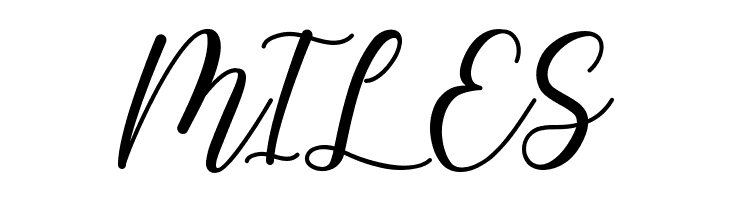 Romantic February  Free Fonts Download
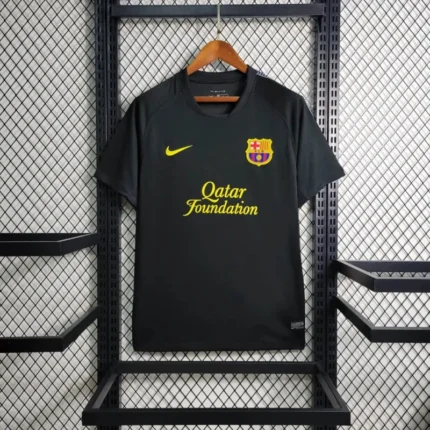 Barcelona Away Retro 2011-12 Jersey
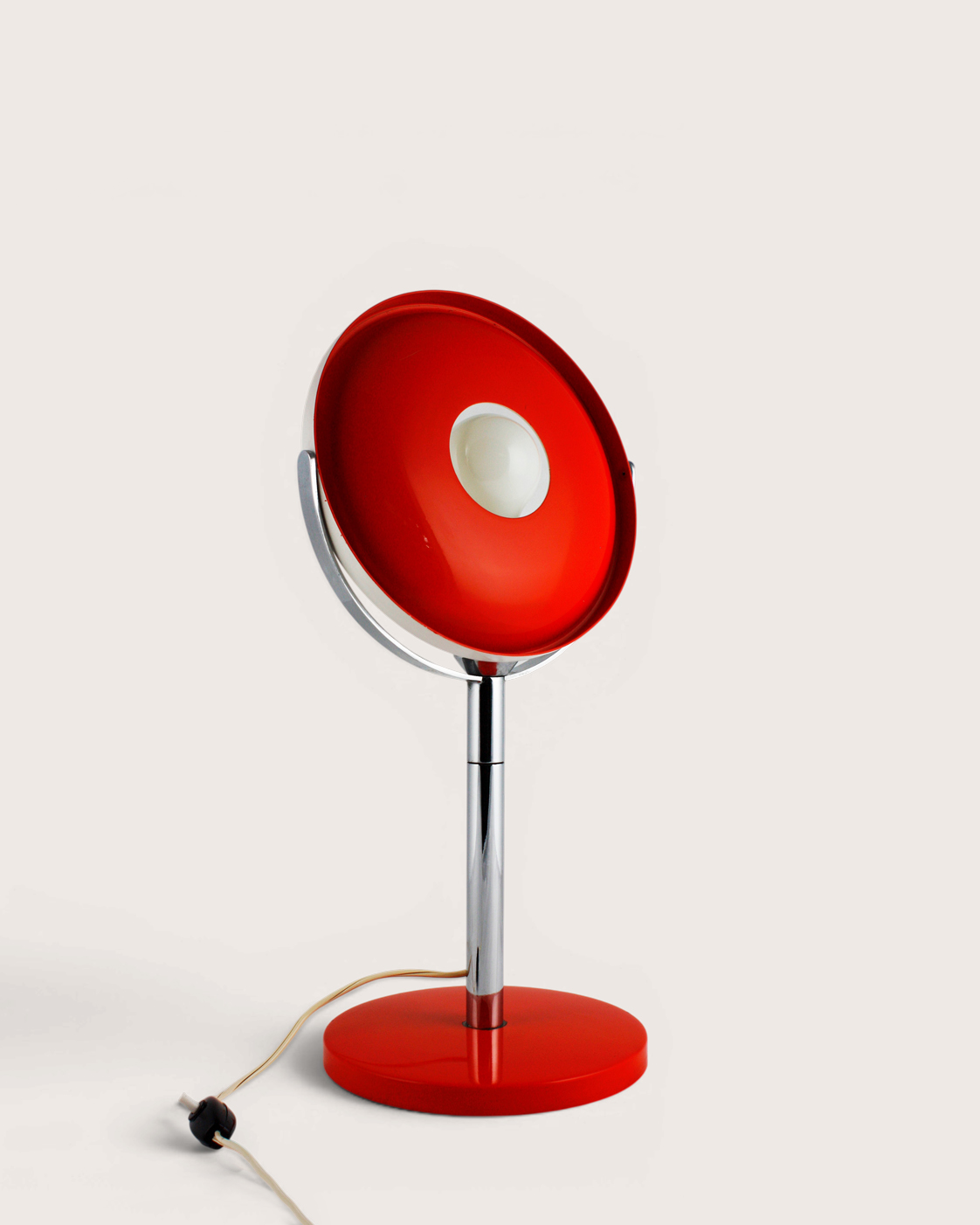Lampada da tavolo Weimar Bauhaus – Carl Jacob Jucker per Imago DP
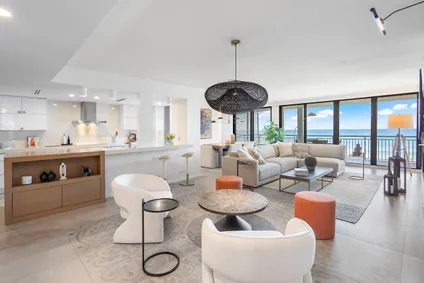 Homes for sale in Palm Beach | View 2600 S Ocean Boulevard, N | 3 Beds, 2 Baths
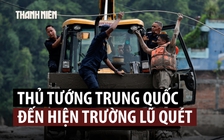 Hàng trăm người chết, hơn 1.000 người mất tích vì lũ quét ở Nepal, Trung Quốc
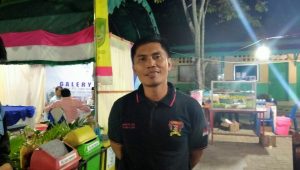 MTQ Ke XXX Tingkat Kecamatan Batu Aji Menghadirkan Stand Bazar Penyuluhan Bahaya Narkoba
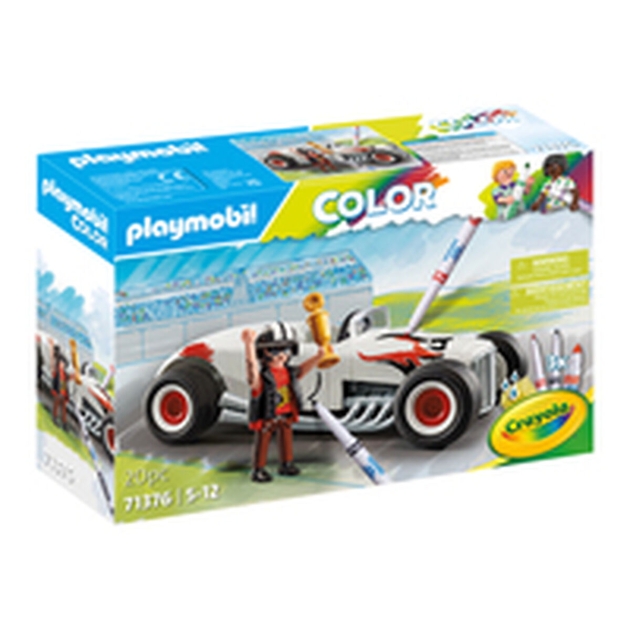 Playset Playmobil 20 Dalys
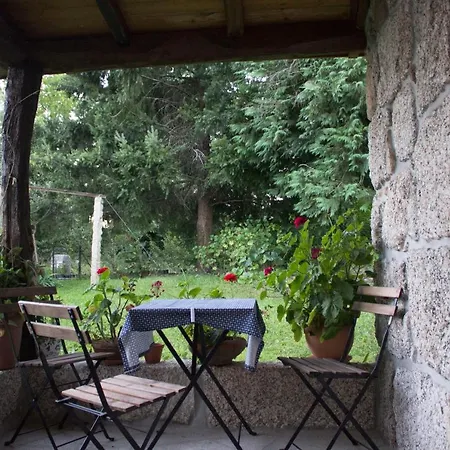 Pensjonat Casas Do Eido E Casa Da Viuva *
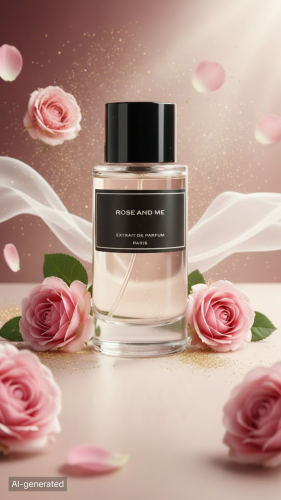عطر روز اند مي اكستريت دي برفيوم 100مل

▸ **WHAT THE TASK REQUIRES**: Output, exactly as written, only the lines from the beginning of the listing through the line containing "Homes for sale", both included, and no pictures.

▸ **YOUR RESPONSE**:
 Romantic February  Free Fonts Download
 Barcelona Away Retro 2011-12 Jersey
Lampada da tavolo Weimar Bauhaus – Carl Jacob Jucker per Imago DP
 Homes for sale in Palm Beach | View 2600 S Ocean Boulevard, N | 3 Beds, 2 Baths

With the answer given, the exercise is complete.